[Start of Attachment]

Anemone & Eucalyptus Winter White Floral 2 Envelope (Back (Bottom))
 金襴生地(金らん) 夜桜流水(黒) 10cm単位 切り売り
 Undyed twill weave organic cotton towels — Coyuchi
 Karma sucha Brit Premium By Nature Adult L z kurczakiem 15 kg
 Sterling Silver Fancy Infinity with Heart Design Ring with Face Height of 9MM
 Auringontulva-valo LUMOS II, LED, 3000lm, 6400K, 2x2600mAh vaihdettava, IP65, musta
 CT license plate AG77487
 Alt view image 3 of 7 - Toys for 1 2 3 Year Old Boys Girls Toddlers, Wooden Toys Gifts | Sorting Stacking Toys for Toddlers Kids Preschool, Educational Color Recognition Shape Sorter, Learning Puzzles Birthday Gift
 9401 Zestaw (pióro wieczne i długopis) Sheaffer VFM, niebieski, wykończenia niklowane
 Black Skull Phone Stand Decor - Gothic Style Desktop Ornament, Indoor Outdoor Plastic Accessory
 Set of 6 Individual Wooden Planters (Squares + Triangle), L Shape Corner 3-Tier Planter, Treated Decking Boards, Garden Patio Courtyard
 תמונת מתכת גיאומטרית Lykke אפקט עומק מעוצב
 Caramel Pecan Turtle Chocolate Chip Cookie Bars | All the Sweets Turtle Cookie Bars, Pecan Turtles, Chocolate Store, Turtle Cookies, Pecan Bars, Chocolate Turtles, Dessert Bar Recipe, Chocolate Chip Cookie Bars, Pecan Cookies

[End of Attachment]

Exercise brief>
Where a line of the data includes the string "Shape", list that line.

Exercise result>
 Alt view image 3 of 7 - Toys for 1 2 3 Year Old Boys Girls Toddlers, Wooden Toys Gifts | Sorting Stacking Toys for Toddlers Kids Preschool, Educational Color Recognition Shape Sorter, Learning Puzzles Birthday Gift
 Set of 6 Individual Wooden Planters (Squares + Triangle), L Shape Corner 3-Tier Planter, Treated Decking Boards, Garden Patio Courtyard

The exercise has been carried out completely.